*** Opening SOURCE RECORDS ***

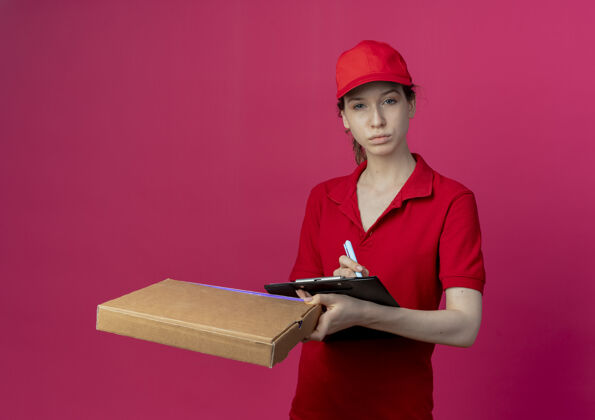 帽子自信的年轻漂亮的送货女孩 穿着红色制服 戴着帽子 手里拿着披萨包装笔和剪贴板 背景是深红色的披萨漂亮包装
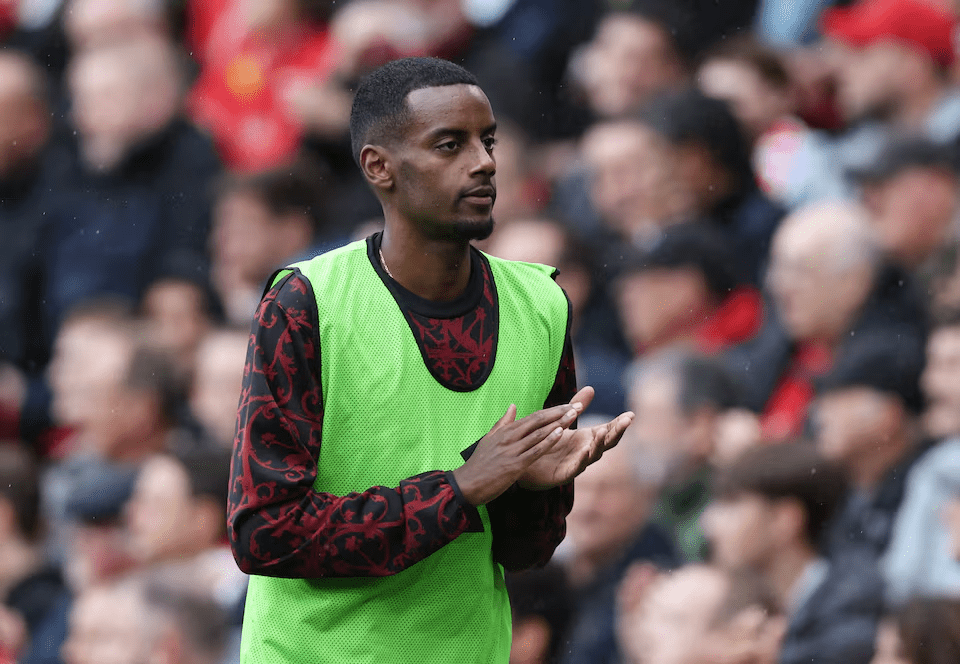 Alexander Isak warms up as a substitute during a Premier League match between Liverpool and Everton, September 20, 2025
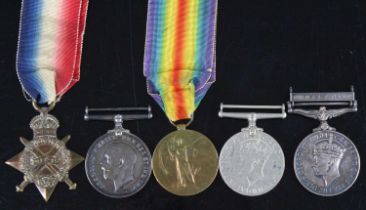 A family group of medals to include WW I 1914-15 Star, British War and Victory naming 225203 W.C.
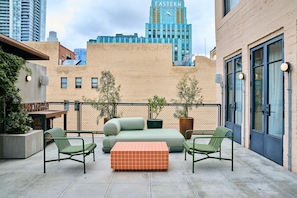 A rooftop patio with a sofa, chairs, and a checkered ottoman. - STILE Downtown Los Angeles (Los Angeles)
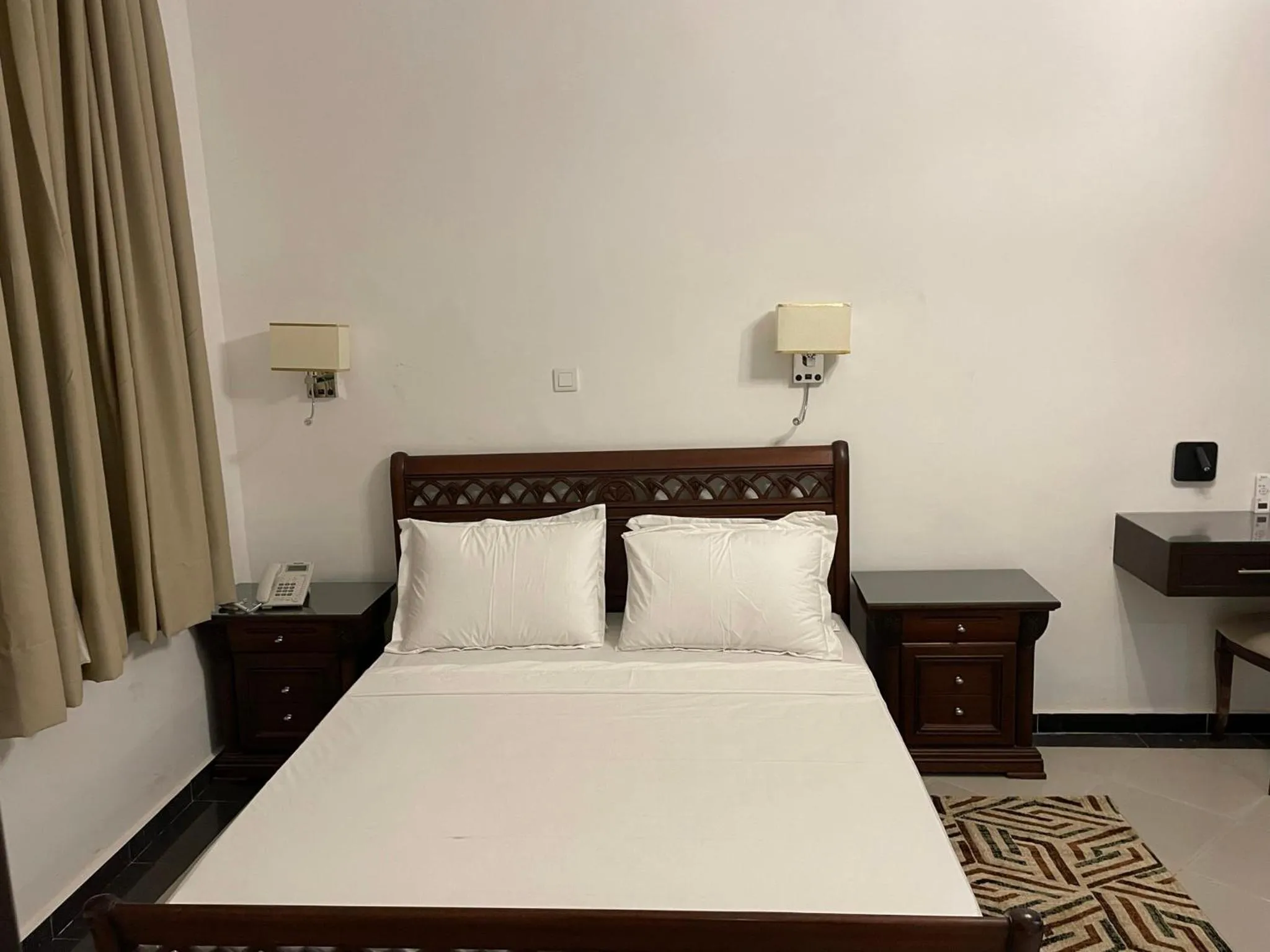 Bed in HOTEL LES ARCADES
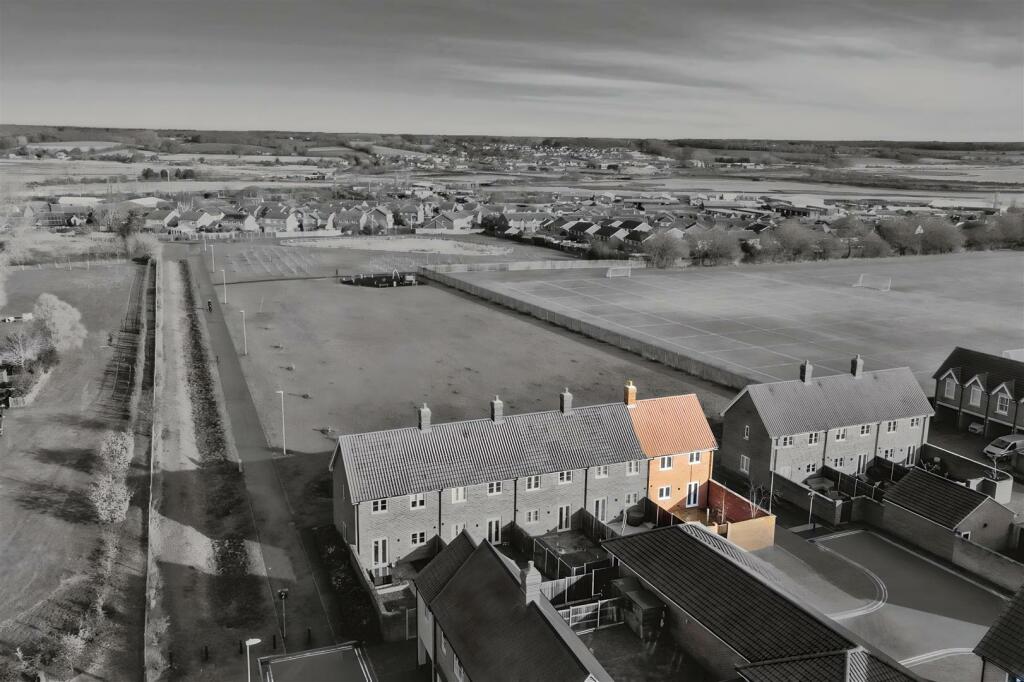 DRONE SHOT OVERLOOKING GREEN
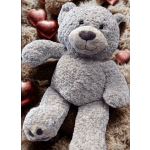 Gray plush teddy bear with metallic heart decorations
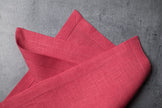 Salmon linen fabric close-up with mitered hem corner – CoolLinen color 24. Salmon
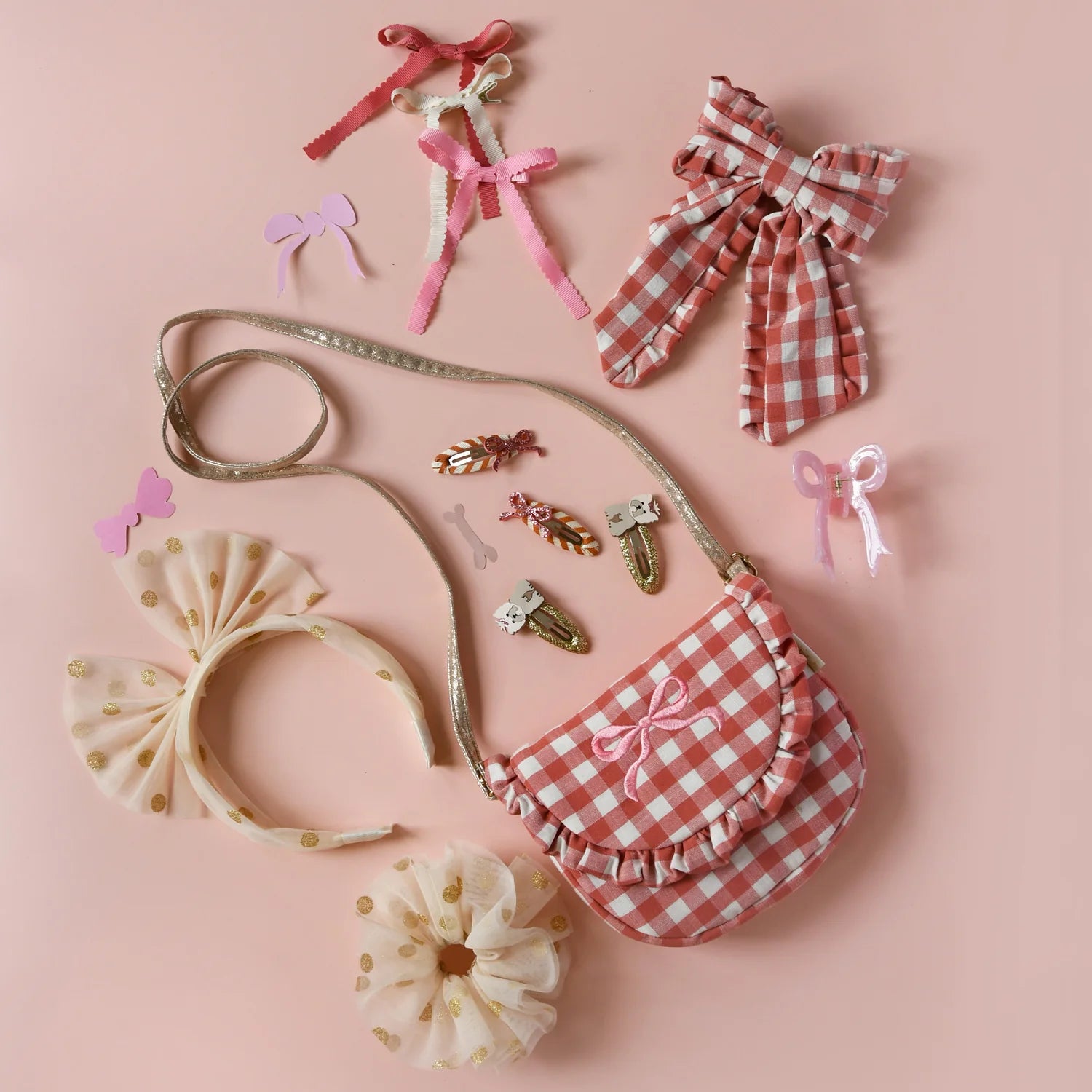 Collection of children's hair accessories by Rockahula including bows and a pink and white gingham bag on a pink background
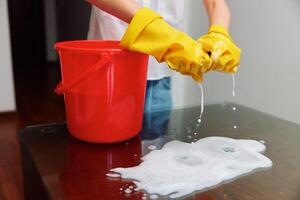 Woman cleaning with bucket of soapy water and red bucket on table. photo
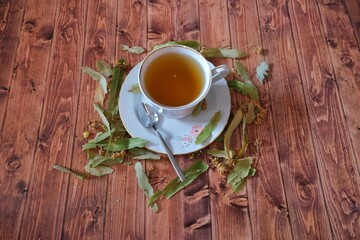 Fototapeta na wymiar Linden tea and linden plant on wooden background.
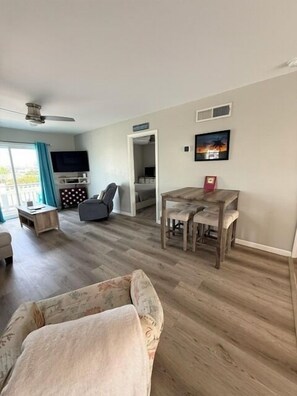 A living room with a sofa, a dining table, and a TV.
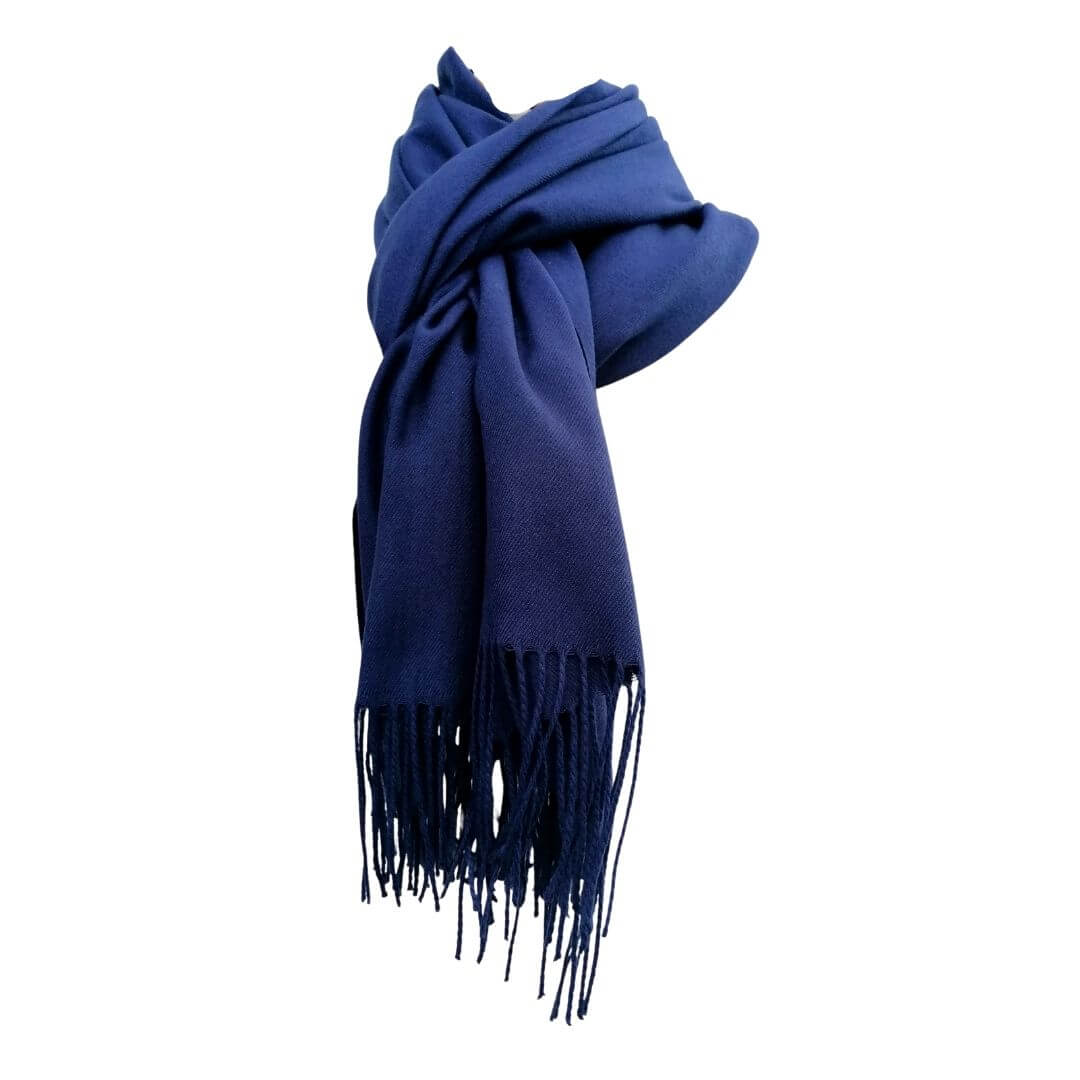 Deep blue long pashmina scarf shawl with fringe tied loosly around neck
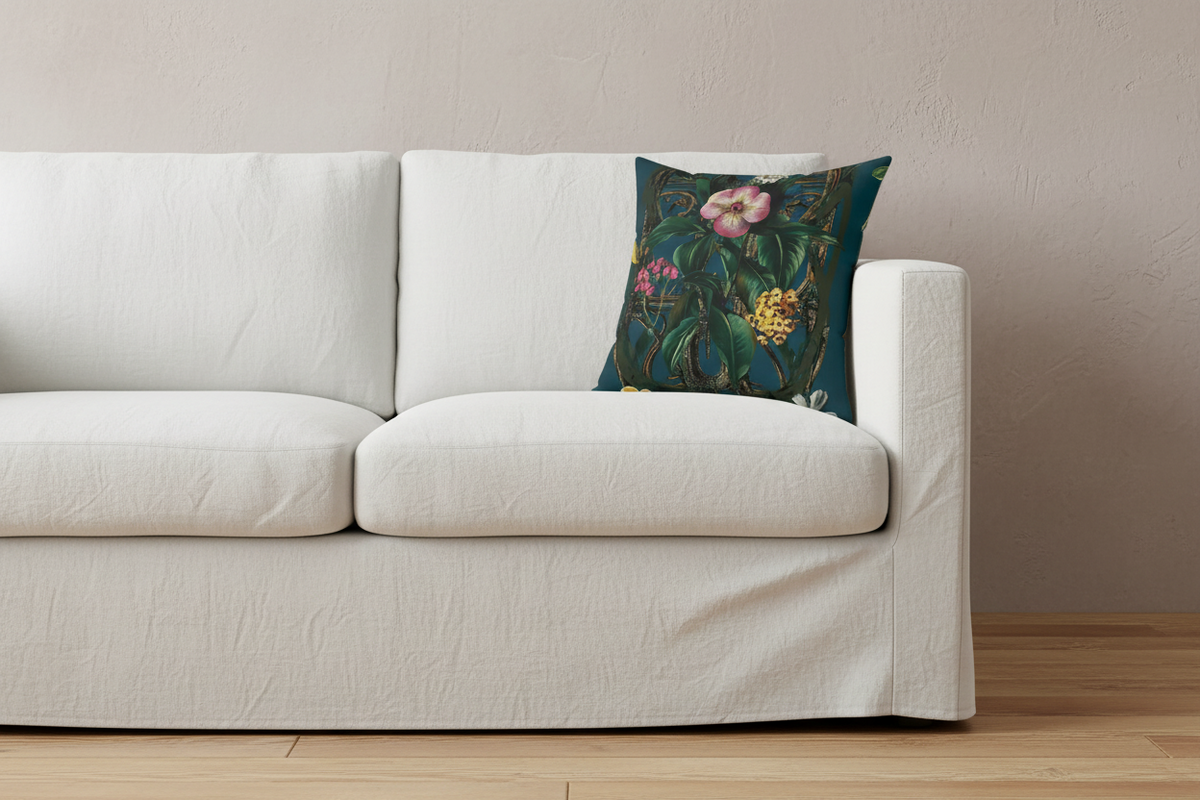 An olive green velvet sofa with vertical channel tufting in a styled room, featuring a dark teal floral throw pillow and a black side table with a vase.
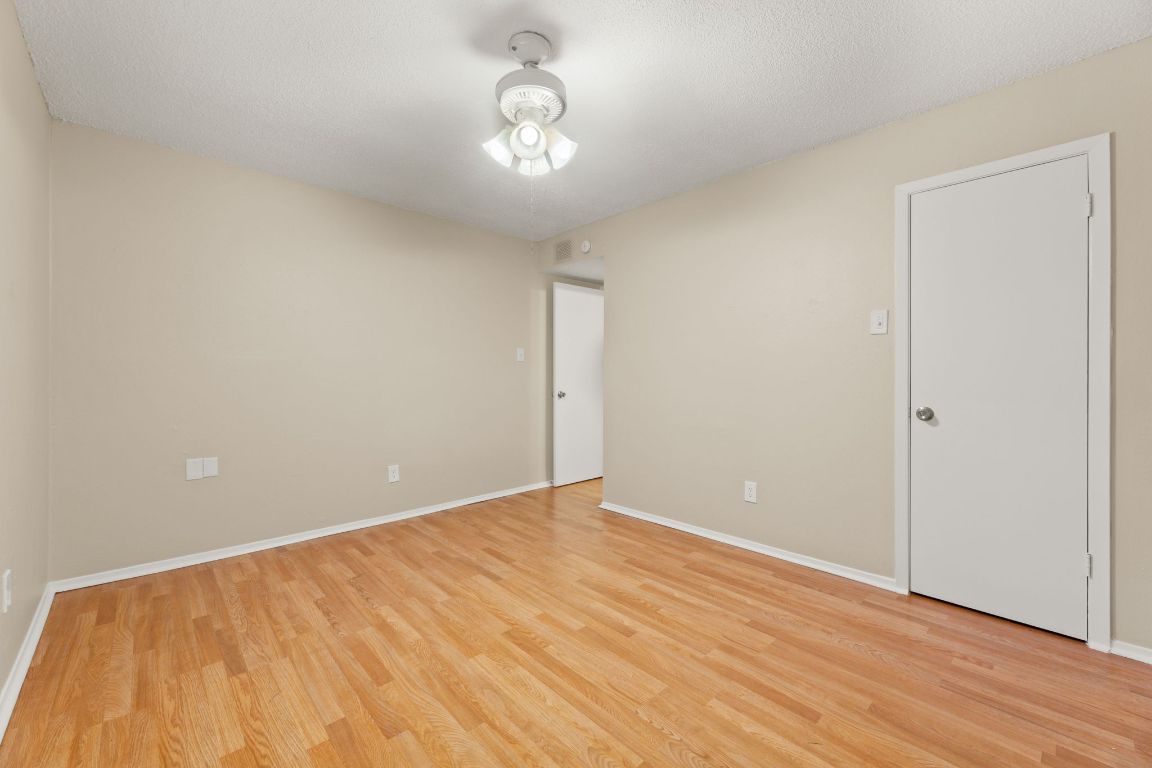 6901 Woodhue Drive, Unit A Austin, TX 78745 - Photo 27 of 34 a view of an empty room with wooden floor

*** Closing SOURCE RECORDS ***

TASK
Copy the lines above exactly, starting with the line that contains "Alexander Isak warms" and ending with the line that contains "Woman cleaning with", and leave out any pictures.

RESULT BELOW
 Alexander Isak warms up as a substitute during a Premier League match between Liverpool and Everton, September 20, 2025
 A family group of medals to include WW I 1914-15 Star, British War and Victory naming 225203 W.C.
 A rooftop patio with a sofa, chairs, and a checkered ottoman. - STILE Downtown Los Angeles (Los Angeles)
 Bed in HOTEL LES ARCADES
 DRONE SHOT OVERLOOKING GREEN
 Gray plush teddy bear with metallic heart decorations
 Salmon linen fabric close-up with mitered hem corner – CoolLinen color 24. Salmon
 Collection of children's hair accessories by Rockahula including bows and a pink and white gingham bag on a pink background
 Woman cleaning with bucket of soapy water and red bucket on table. photo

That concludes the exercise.